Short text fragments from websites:
'''

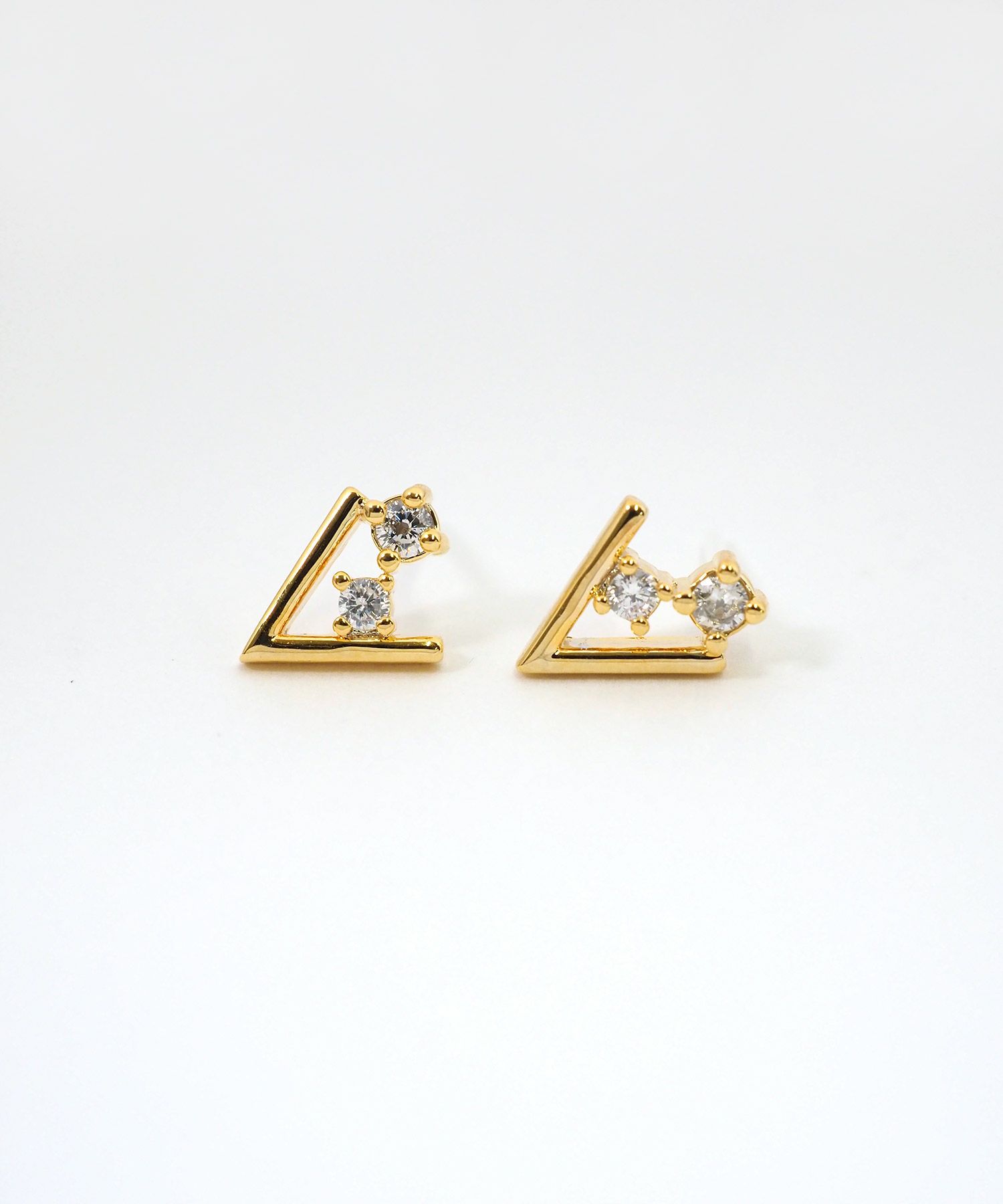 ワンアングルセラミックポストピアス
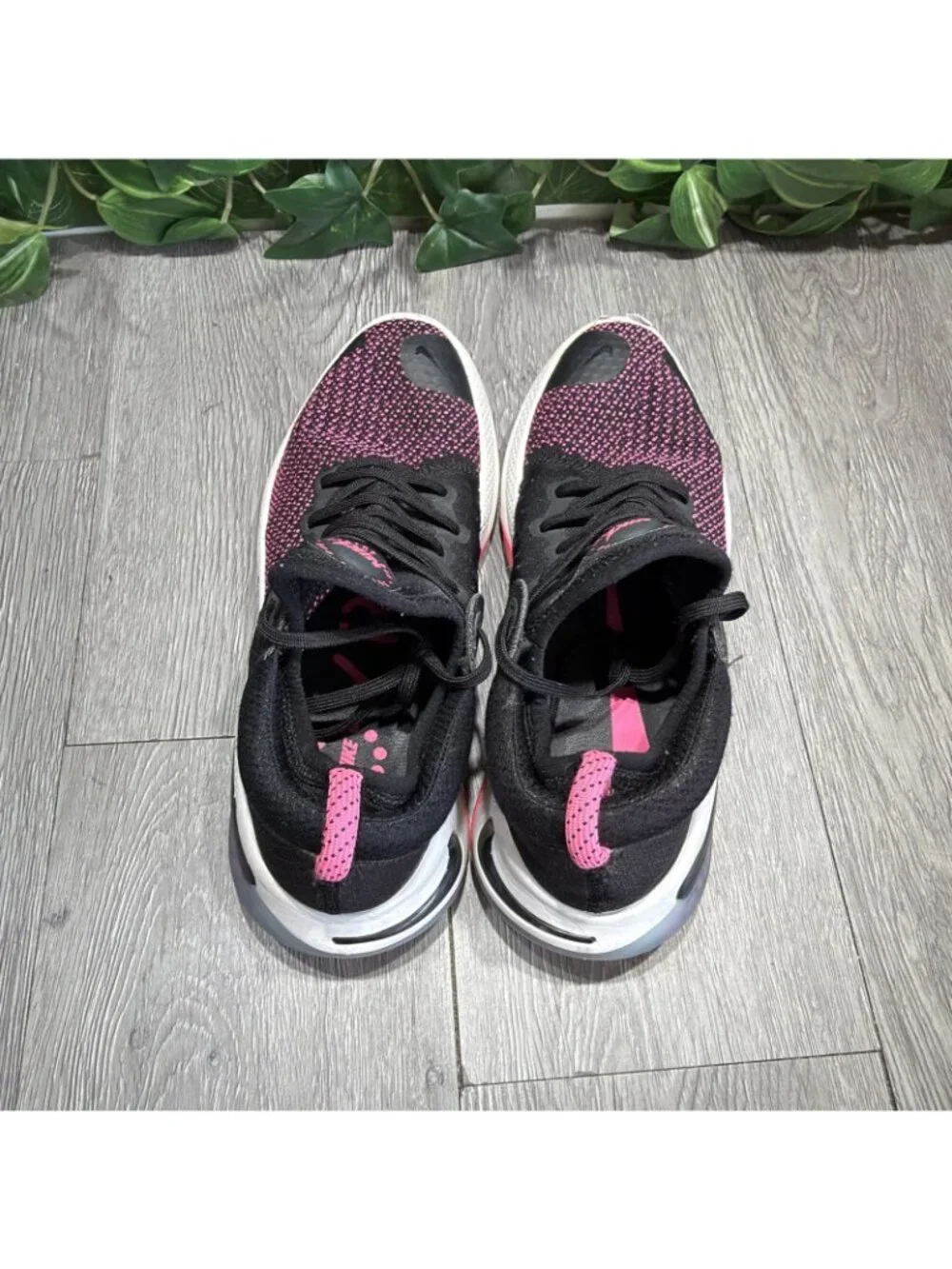 Nike Joyride Run Flyknit AQ2730-003 Mens 7 Women 8.5 Black Pink Running Sneakers - Picture 6 of 11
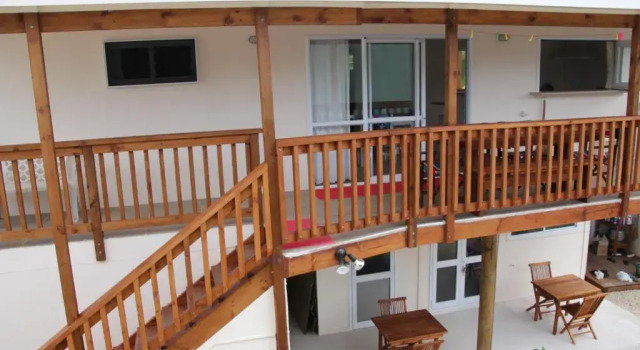 Коттедж с 3 комнатами рядом с пляжем Vaiakura Holiday Homes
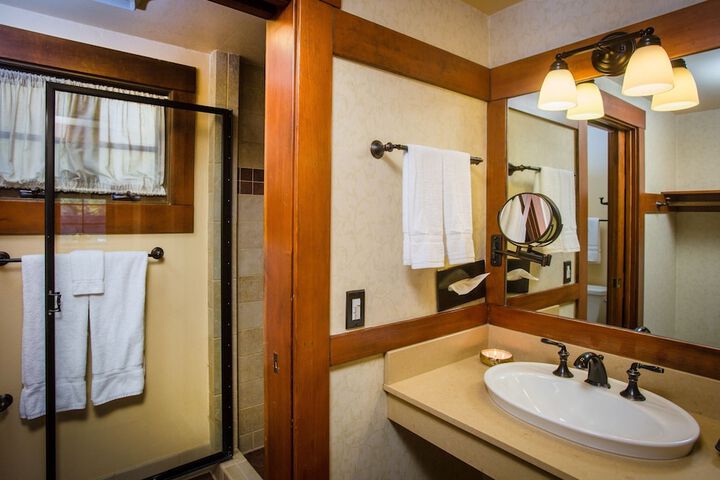 Room 21 of 52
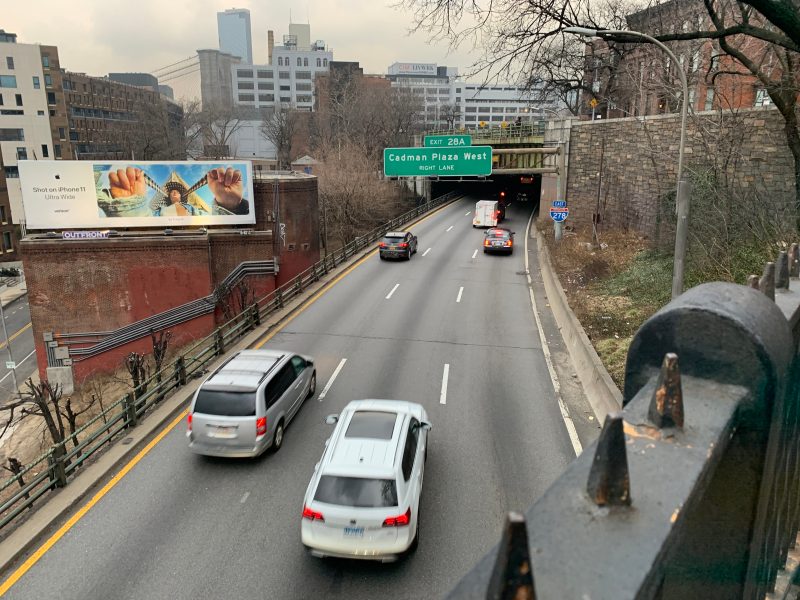 Does this section of the BQE "need" to be replaced — or is that just what car-culture-blinded politicians think they're supposed to do? Photo: Gersh Kuntzman
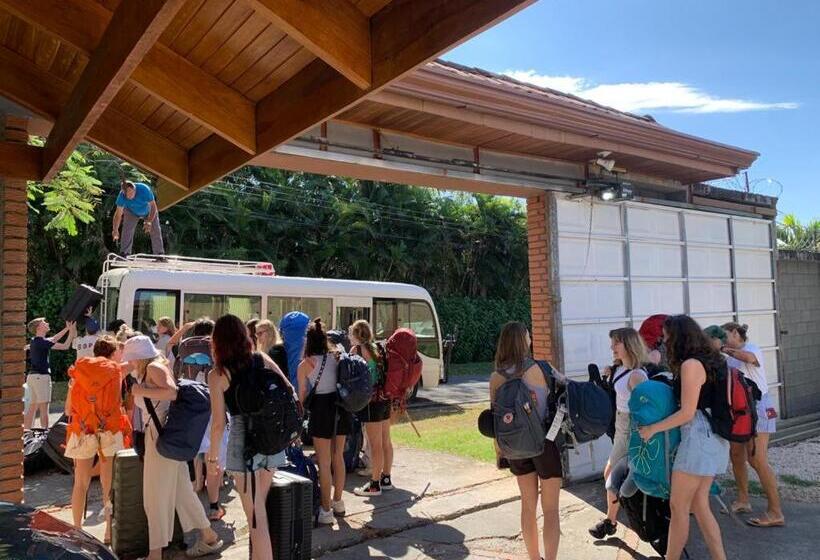 تختخواب و صبحانه Uruka Lodge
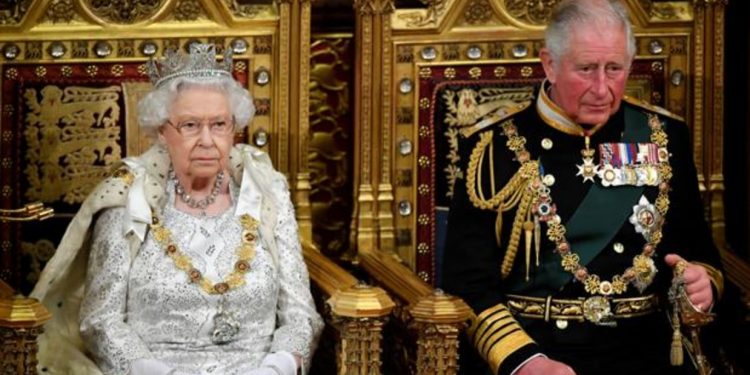 La Reina inició la semana mas importante antes del Brexit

'''

What you write must match, line for line, the records from the line containing "Коттедж с 3" through the last line, with every picture left out.

TASK ANSWER:
 Коттедж с 3 комнатами рядом с пляжем Vaiakura Holiday Homes
 Room 21 of 52
 Does this section of the BQE "need" to be replaced — or is that just what car-culture-blinded politicians think they're supposed to do? Photo: Gersh Kuntzman
 تختخواب و صبحانه Uruka Lodge
 La Reina inició la semana mas importante antes del Brexit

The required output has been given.